The rift began with the “Promising Young Woman” director’s choice of Robbie and Elordi as her leads, which was unpopular with fans of Brontë’s 1847 novel about sadomasochistic obsession from the word go. Beyond the obvious physical incongruences between the actors and Brontë’s characters — including discrepancies around age, hair color, and skin color — there’s been heavy speculation about whether the dazzling Australian stars would capture the essence of their morally decrepit literary equivalents, whose affection for each other literally ruins lives.
After all, “I, Tonya” is arguably the most crazed Robbie has ever been on screen, and Elordi’s charm, despite his best efforts, always seems to shine through his performances, even while playing abusive men in “Euphoria” and “Priscilla” and a literal monster in the new “Frankenstein.”

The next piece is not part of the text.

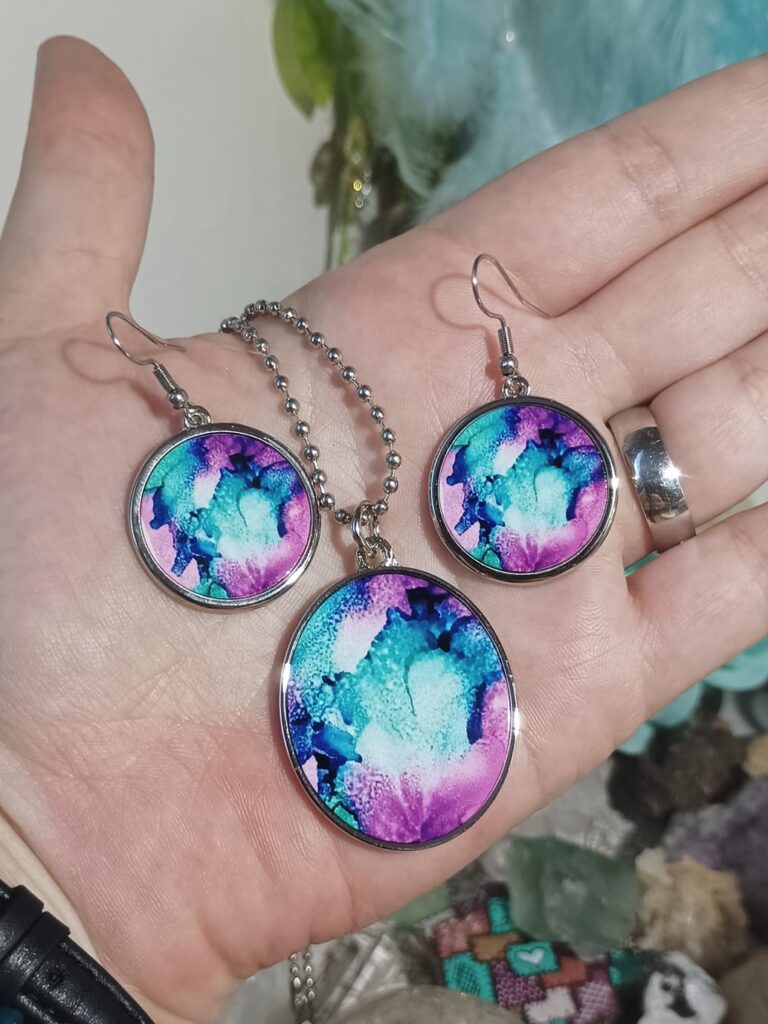 náušnice a přívěsek 49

Until now, the team behind the new “Wuthering Heights” hasn’t been especially reassuring in the face of those critiques. During an appearance in April at the Sands Film Festival in St Andrews, Scotland, the film’s casting director invoked the merits of “racially blind casting” and encouraged people to give the film a chance. But she also said, “There’s definitely going to be some English Lit fans that are not going to be happy.”
“There was one Instagram comment that said the casting director should be shot. But just wait till you see it, and then you can decide whether you want to shoot me or not. But you really don’t need to be accurate. It’s just a book. That is not based on real life. It’s all art,” she said, teasing that the set design was “even more shocking” than the choice of leads and that “there may or may not be a dog collar in it.”
And this week, Robbie and Fennell upped the ante, weighing in with what may be the most discouraging news yet for hardcore devotees of Brontë’s Gothic text. During a conversation with British Vogue that was published on Thursday, the director and actor — whose company, LuckyChap, produced Fennell’s debut and her second feature, “Saltburn” — explained that their vision for the film was an epic love story in the vein of Baz Luhrmann’s “Romeo + Juliet” and other highly watchable Hollywood romances.
“In one of our first conversations about this film, I asked Emerald what her dream outcome was. She said, ‘I want this to be this generation’s “Titanic.” I went to the cinema to watch “Romeo & Juliet” eight times and I was on the ground crying when I wasn’t allowed to go back for a ninth. I want it to be that,’” Robbie said, adding that she thinks the film, which releases on Valentine’s Day next year, is “going to be an amazing date movie.”
The actor added that she and Fennell spent a lot of time discussing the film’s intimate scenes, which are teased in the bouncy trailer, and that, again, their focus was on making a film befitting a romantic evening or a girls’ night out.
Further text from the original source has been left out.